=== Exercise ===
From the records below, please repeat exactly the line that has "Oatmeal Heather jesus", the line that has "Обновляющий тоник с", and every line between them, and nothing else.

********************

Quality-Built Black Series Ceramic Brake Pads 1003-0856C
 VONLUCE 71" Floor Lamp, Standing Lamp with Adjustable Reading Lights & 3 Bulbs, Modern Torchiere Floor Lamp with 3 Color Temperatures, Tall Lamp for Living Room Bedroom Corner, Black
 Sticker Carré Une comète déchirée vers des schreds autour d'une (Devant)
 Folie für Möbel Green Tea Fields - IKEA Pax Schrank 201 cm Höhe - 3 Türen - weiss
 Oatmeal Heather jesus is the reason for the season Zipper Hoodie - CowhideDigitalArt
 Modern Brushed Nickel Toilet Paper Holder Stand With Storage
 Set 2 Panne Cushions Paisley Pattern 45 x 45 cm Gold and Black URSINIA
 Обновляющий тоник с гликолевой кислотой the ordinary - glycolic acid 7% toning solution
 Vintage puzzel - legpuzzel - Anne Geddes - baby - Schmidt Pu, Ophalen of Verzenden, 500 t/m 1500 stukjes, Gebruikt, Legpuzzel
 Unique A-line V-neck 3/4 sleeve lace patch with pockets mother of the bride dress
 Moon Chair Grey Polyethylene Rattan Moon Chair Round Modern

********************

=== Response to this task ===
 Oatmeal Heather jesus is the reason for the season Zipper Hoodie - CowhideDigitalArt
 Modern Brushed Nickel Toilet Paper Holder Stand With Storage
 Set 2 Panne Cushions Paisley Pattern 45 x 45 cm Gold and Black URSINIA
 Обновляющий тоник с гликолевой кислотой the ordinary - glycolic acid 7% toning solution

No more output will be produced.